3️⃣ NEC、金融機関27社と「Agentic AI共同研究会」第3期を開始
📎 出典:日本電気株式会社 プレスリリース
NECは、地域金融機関や系統金融機関と進める「Agentic AI共同研究会」の第3期を開始しました。参加は金融機関27社で、2025年度の成熟度診断や共同ガバナンス検討を踏まえ、AI活用の価値最大化と業務プロセス全体の改革を見据えます。第3期では「AI Readyデータ」を検討テーマの一つに位置付け、新設ワーキンググループで、データの整備・連携・活用に加え、部門や業務をまたぐ情報の横断的なつながりを検討します。初回会合は7月16日に開催されました。具体的な成果値は未公表ですが、金融業界が共同でデータ基盤とガバナンスを設計する段階へ進んだ点が重要です。
4️⃣ AICX協会、「AIエージェント人材基準 v0.5」で委任・実装・監督の役割を定義
📎 出典:一般社団法人AICX協会 プレスリリース
AICX協会は、AIエージェントを企業で実装・運用する人材要件を体系化した「AIエージェント人材基準 v0.5(草案)」を公開しました。人材を、委任範囲と投資を設計する「ストラテジスト」、基盤や知能・行動を実装する「アーキテクト」、稼働状況を観測・評価・介入する「オペレーター」の3役割で整理しています。各役割5領域と3段階の習熟レベルを設定し、計71のスキル項目、導入アクションプラン、実行チェックリストを収録しました。AIに任せる範囲だけでなく、人が止めて改善する監督責任を、研修・等級・採用などの人材制度へ落とし込むための共通言語です。

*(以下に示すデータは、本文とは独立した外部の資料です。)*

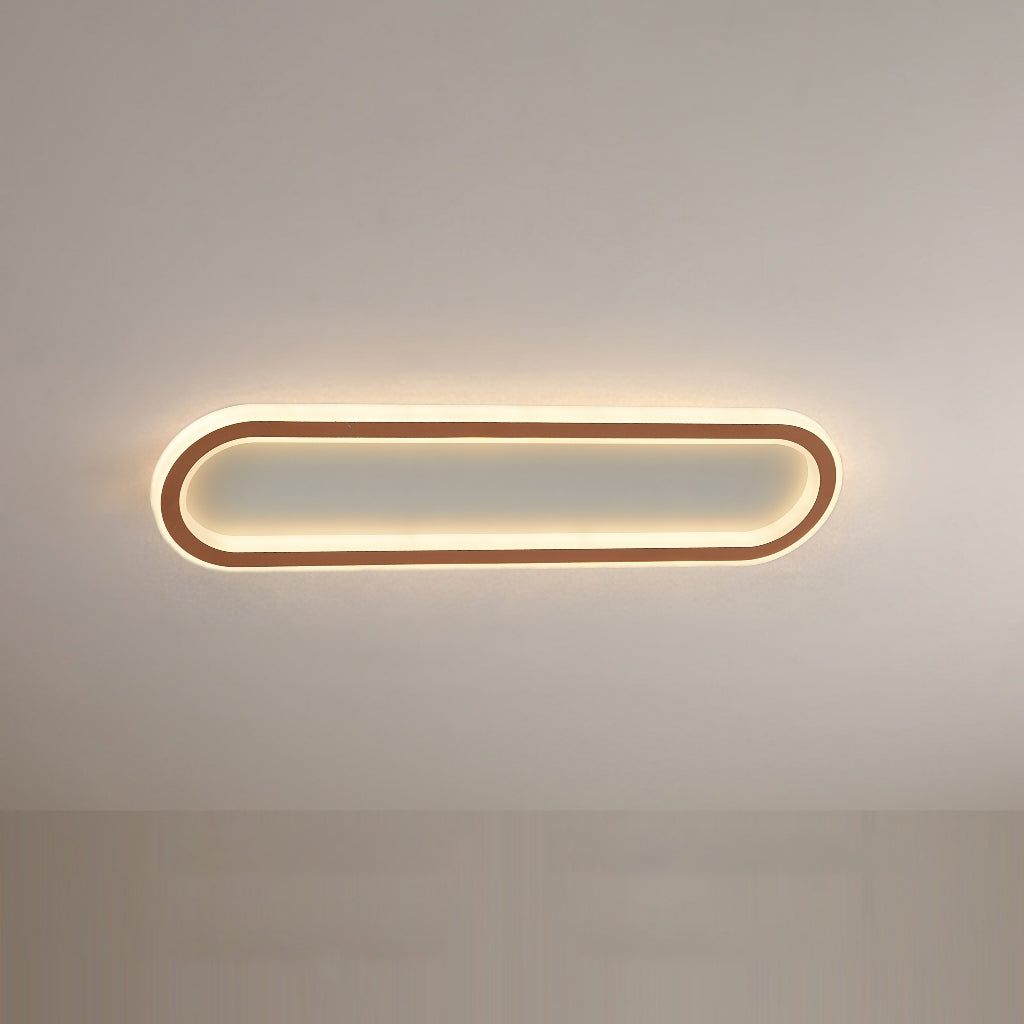 Sleek rose gold oval flush mount ceiling light, adding a stylish touch to any room.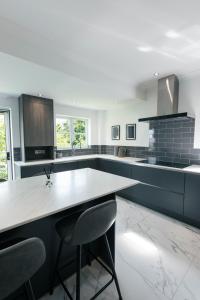 a kitchen with a table and two chairs in it at Harbour House in Plymouth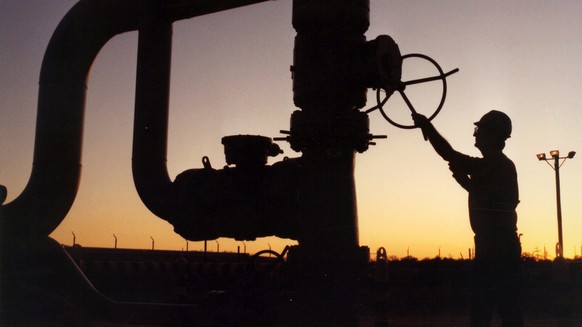 An undated photo provided by the Energy Department shows a silhouetted technician working on one of the Reserve&#039;s wellheads at an undisclosed location on the U.S. Gulf Coast. The United States&#0 ...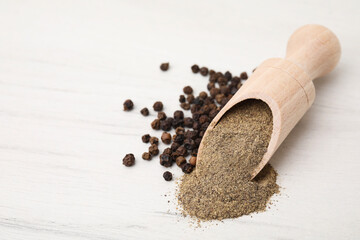 Aromatic spice. Ground pepper in scoop and black peppercorns on white wooden table, closeup. Space...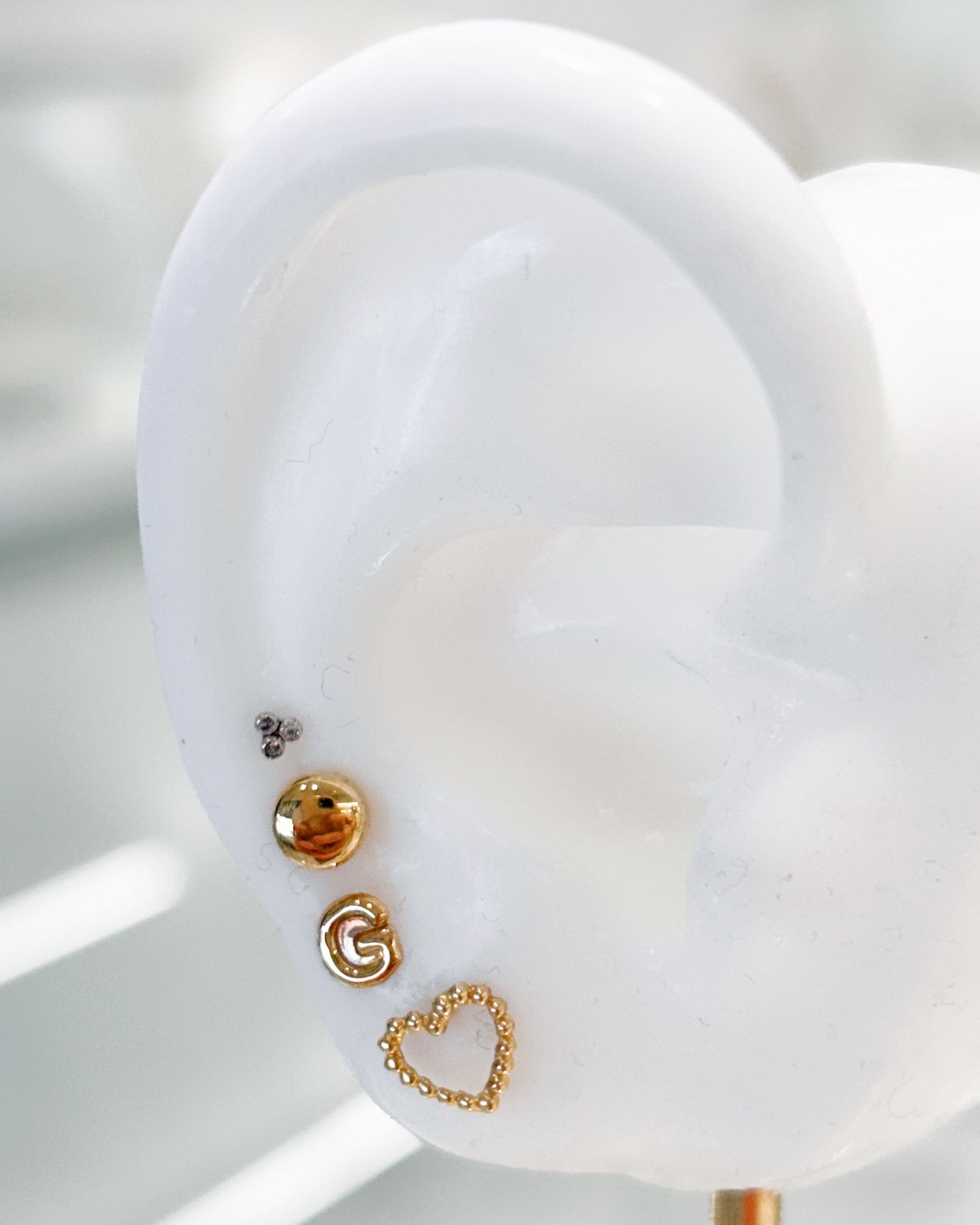 Arete tipo broquel de inicial "G" miniatura en oro 10k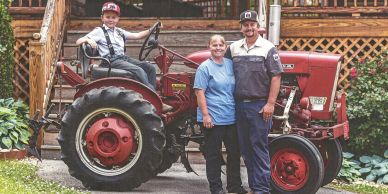 Three generations on a vintage tractor outside a wooden house.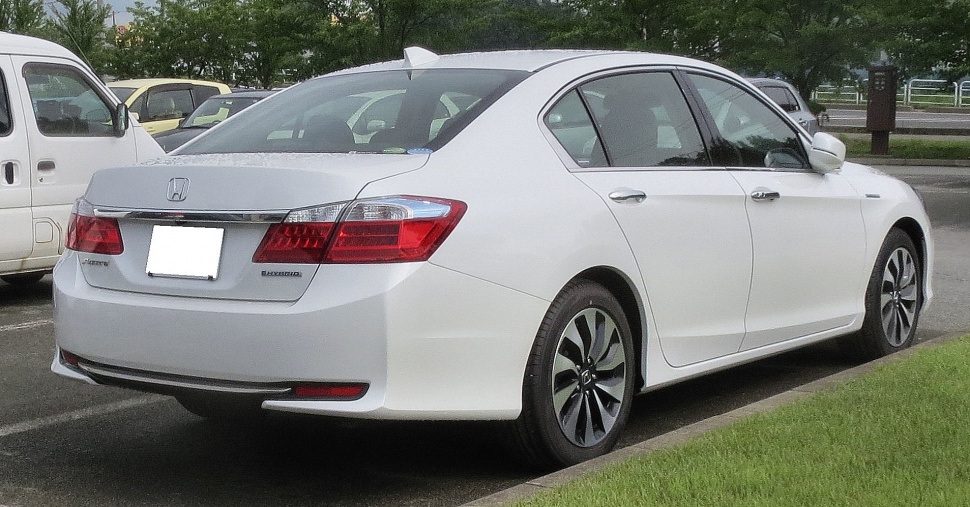 Rear and side view of white sedan with hybrid badging and alloy wheels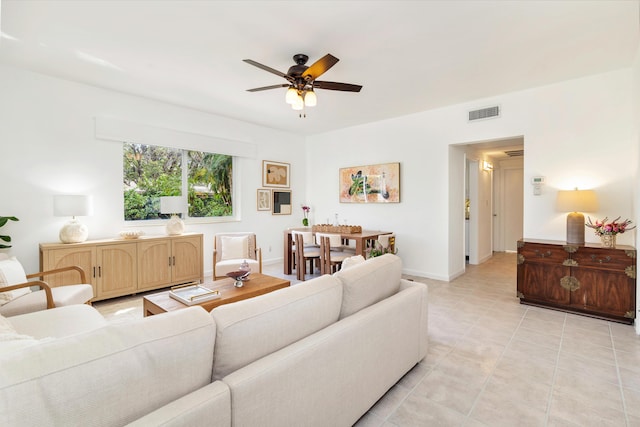 living area featuring ceiling fan, visible vents, baseboards, and light tile patterned flooring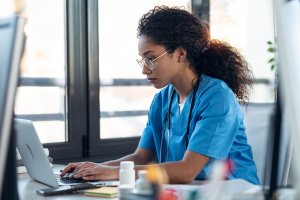 A healthcare professional wearing blue scrubs and glasses sits at a desk, intently focused on typing on a laptop. In the foreground, various medical supplies and documents are neatly arranged. The background features large windows with natural light streaming through, highlighting the serene atmosphere of the healthcare office.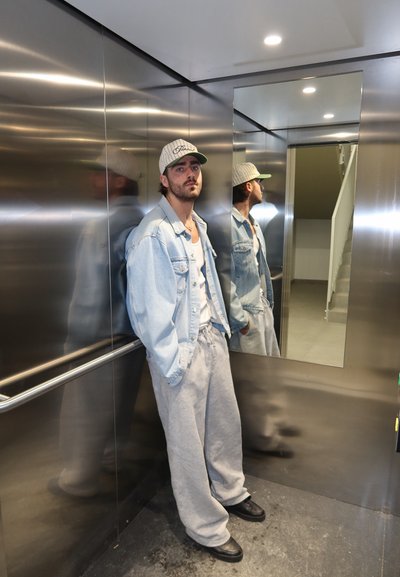 Hombre con pantalones deportivos grises, chaqueta vaquera y gorra blanca de pie en un ascensor de metal con un espejo que refleja su perfil lateral.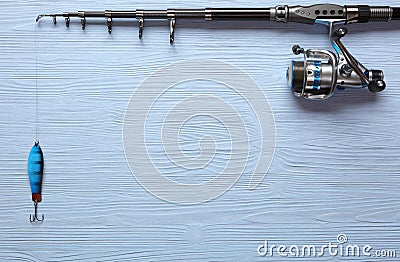 Fishing tackle - fishing spinning, hooks and lures on wooden background. Stock Photo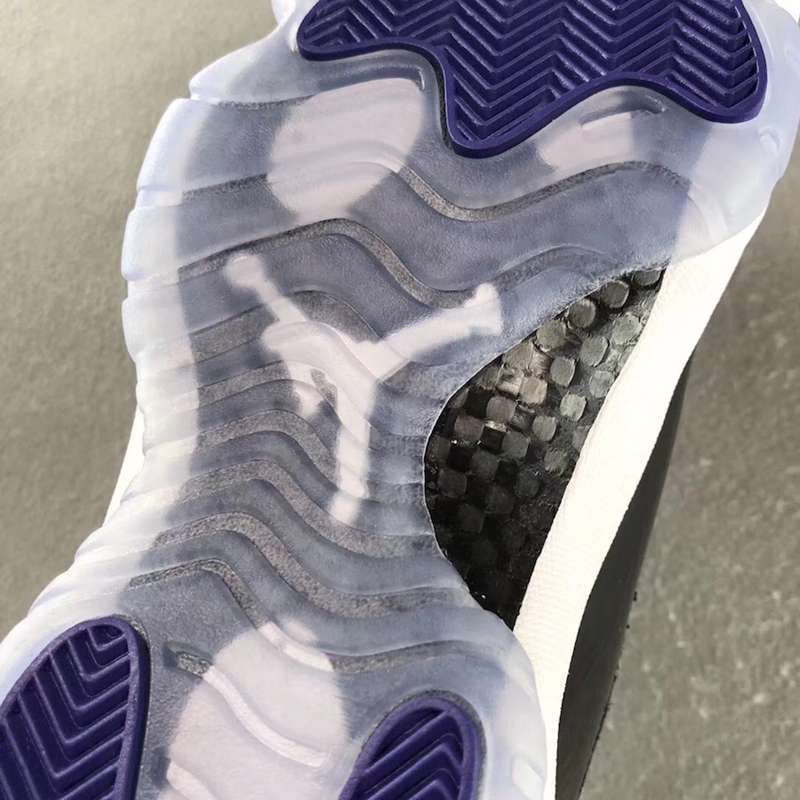 Air Jordan 11 Concord Black White Sneakers - product image from the listing.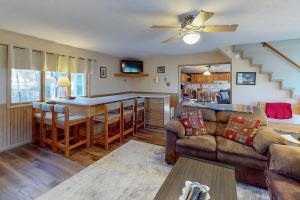 a living room with a couch and a bar at Life's A Bear in McHenry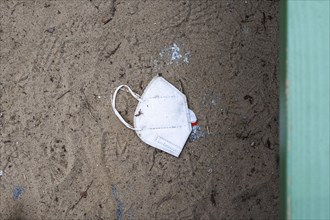 A discarded mouth-nose protection lies on the ground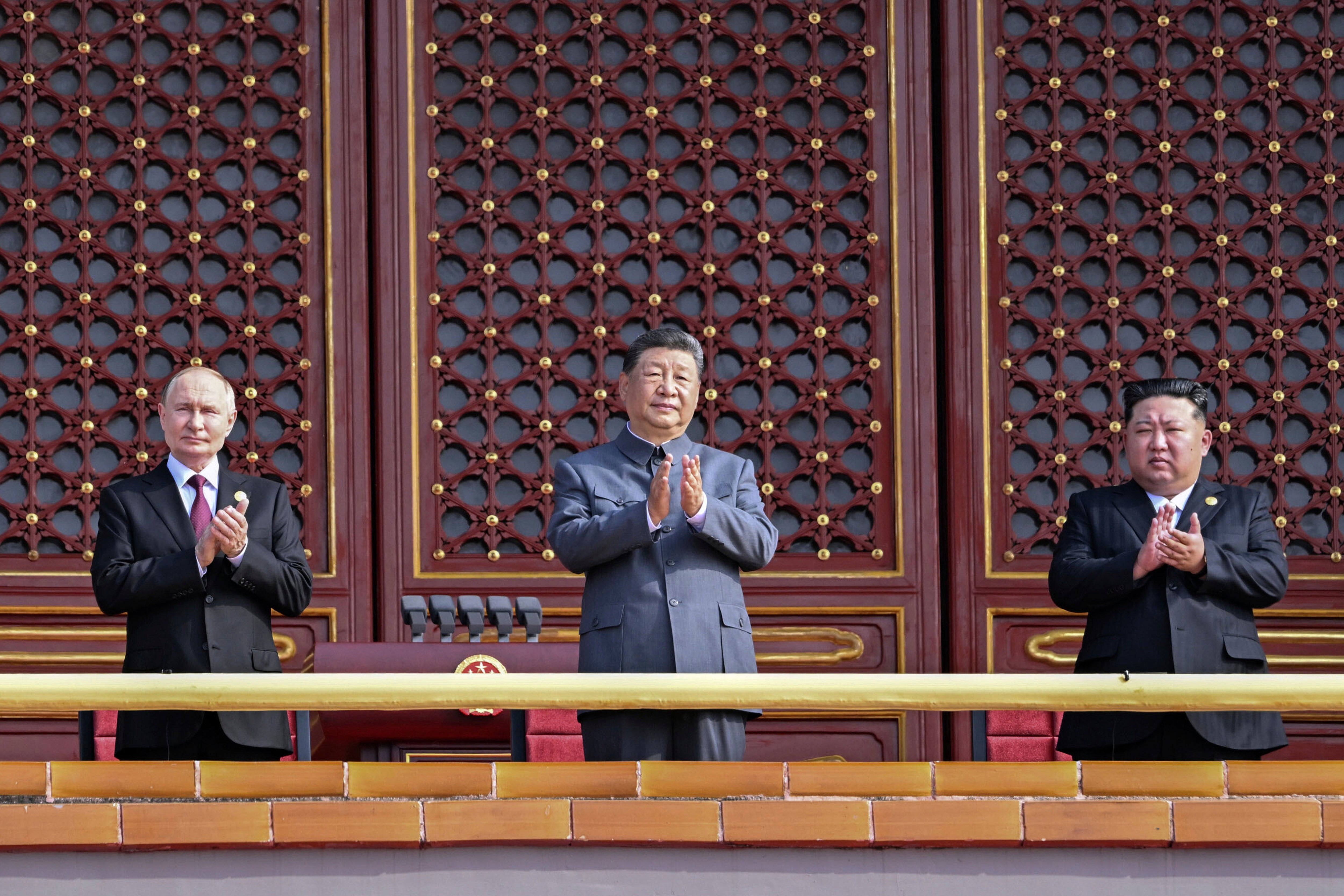 Vladimir Putin, Xi Jinping and Kim Jong Un attend a military parade to mark the 80th anniversary of the end of the Second World War at Tiananmen Square in Beijing on 3 September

5️⃣ ゼンプロダクツ、印刷物校正AIエージェント「Shodoプリント」の実証を開始
📎 出典:株式会社ゼンプロダクツ プレスリリース
ゼンプロダクツは、印刷物の校正・校閲を支援するAIエージェント「Shodoプリント」の実証実験を開始しました。商品カタログとExcelの商品マスターを照合し、価格・品番・仕様、商品画像、JANコードなどを確認するほか、Word、PDF、URLを背景資料として雑誌や書籍を通しで校閲します。AIは紙面構造や画像、配置も加味して疑義と根拠を示し、最終判断は校正者が担います。結果はコメント付きPDFやレポートで共有でき、入力データは国内リージョンで処理し、モデル学習には使わない設計です。正式提供に向け、印刷・出版・メーカーなどの協力企業を募集しています。
総合考察
2026/7/24のトピックから見えた特長は、AIエージェントの競争軸はモデル性能や単純な処理速度ではなく、企業固有の文脈を理解し、安全に権限を行使しながら業務を完遂できるかへ移っていることが見えました。日立の企業コンテキスト、NECのAI Readyデータ、DNPの認証・権限管理は、エージェントが組織内外で活動するための基盤に当たります。一方、AICX協会の人材基準とShodoプリントの人による最終判断は、自律化が進んでも人間の監督責任が消えないことを示しています。今後は、導入数や実証時の高速化だけでなく、品質、費用、事故率、説明可能性、介入手順を含む運用成果が問われます。企業には、業務自動化ツールの導入ではなく、デジタルな担当者を組織へ迎え入れる前提で制度と業務を再設計する姿勢が求められます。
今後注目ポイント
日立が示した最大240倍などの実証値は限定条件下の結果であるため、実案件における工程横断の生産性、品質、手戻り率、トークン費用を含む継続的な効果測定が注目されます。
AIエージェントによる代理購入が広がるほど、本人確認だけでなく、購入上限、対象商品、利用期限、取消権限などを機械判読可能な形で定義する委任設計が重要になります。
金融業界で検討されるAI Readyデータは、単なるデータ整備ではなく、部門間の意味や権限を接続する取り組みであり、共同仕様が業界標準へ発展するかが焦点です。
AIエージェント人材の評価では、開発能力だけでなく、停止判断、異常検知、ログ分析、改善介入などの監督能力を人事制度や責任分界へ反映できるかが問われます。
Shodoプリントのような専門業務型エージェントでは、誤りの発見率だけでなく、根拠の妥当性、見逃し率、担当者の確認負荷を含めた人とAIの協働品質が競争力になります。